Marek Bartelik was born in Olsztyn, Poland, and in 1985 moved to the United States, where he currently resides. He holds a Master of Science degree in Civil Engineering from Columbia University and a PhD in Art History from the Graduate Center of the City University of New York. He has been teaching modern and contemporary art at the Cooper Union for the Advancement of Science and Art in New York since 1996. He has also been a Visiting Professor at Yale and MIT. Professor Bartelik is a Graduate Critic-in-Residence at the Maryland Institute College of Art in Baltimore. He has lectured nationally and internationally at, among other places, MoMA in New York and the Boston Museum of Art in Boston, the Polish Academy of Science in Warsaw, the Municipal Museum in The Hague, the Museo National de Bellas Artes in Buenos Aires, and the Pinacoteca in São Paulo. He is a regular contributor to Artforum International, for which he wrote reviews from over twenty countries on five continents.

Irena Grudzinska Gross (Moderator) is Associate Research Scholar and Lecturer in the department of Slavic Studies at Princeton University, where her research focuses on European intellectual history and literature. She has also held academic appointments at the Polish Academy of Science, Boston University, and New York University. Professor Gross has authored or edited numerous books in Polish and English, including The Scar of Revolution: Custine, Tocqueville, and the Romantic Imagination (University of California Press) and Czeslaw Milosz and Joseph Brodsky: Fellowship of Poets (Yale University Press). She is currently at work on a book on issues of war, violence, and nation-state ideologies in 20th century East-Central Europe, which draws on the poetry of Czeslaw Milosz.

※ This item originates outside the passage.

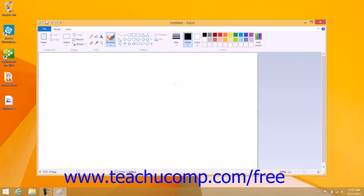When opened, Paint shows a blank image document by default. Here you can draw new shapes by first clicking the desired shape button that you want to draw within the Shapes button group on the Home tab within the ribbon.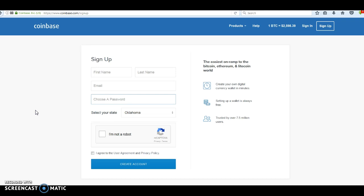Once you get that email, click on the confirmation link and you'll be set to go. You can then go back to coinbase.com and sign in. There may be some more information you'll want to add — address, phone number, etc. You'll also want to at some point add a bank account or your debit or credit card, but you don't have to do that right now. The main thing is to get your wallet set up.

Dorota Jarecka is an art critic and art historian based in Warsaw. From 1996 to 2012 she was a full-time journalist at the leading Polish daily newspaper “Gazeta Wyborcza.” Since 2012 she has been a freelance writer, contributing to “Gazeta Wyborcza.” She organized the “Critics and Critics” program and the art writing workshop, both at the Museum of Modern Art in Warsaw in 2011-12. The following year she ran the series "Marxism and Art," also at the Museum of Modern Art, in cooperation with Warsaw University. She was co-curator, with Barbara Piwowarska, of the show “Erna Rosenstein. I Can Repeat Only Unconsciously” at the Foksal Gallery Foundation in Warsaw in 2011. She is also co-editor, with Wanda Siedlecka, of the publication Krystiana Robb-Narbutt. Drawings, Objects, Studio (Krystiana Robb-Narbutt Foundation and Zachęta National Gallery of Art, Warsaw) and the author of the book Let it be. Dorota Jarecka talks to Anda Rottenberg (Wydawnictwo Krytyki Politycznej). She is a member of Obywatelskie Forum Sztuki Współczesnej (Citizens Forum for Contemporary Art) and the International Association of Art Critics. In 2012 she received the Jerzy Stajuda Prize for Art Criticism.

Wanda Siedlecka is an artist and a designer. After graduating from the Academy of Fine Arts in Warsaw, Poland, she worked as a director of a non-profit gallery, curated shows and wrote catalog essays. Since 1982 she has lived in New York where she worked as a designer for book publishers. She runs The Painters, a non-profit Gallery in Upstate New York. She is co-editor, with Dorota Jarecka, of the publication Krystiana Robb-Narbutt. Drawings, Objects, Studio (Krystiana Robb-Narbutt Foundation and Zachęta National Gallery of Art).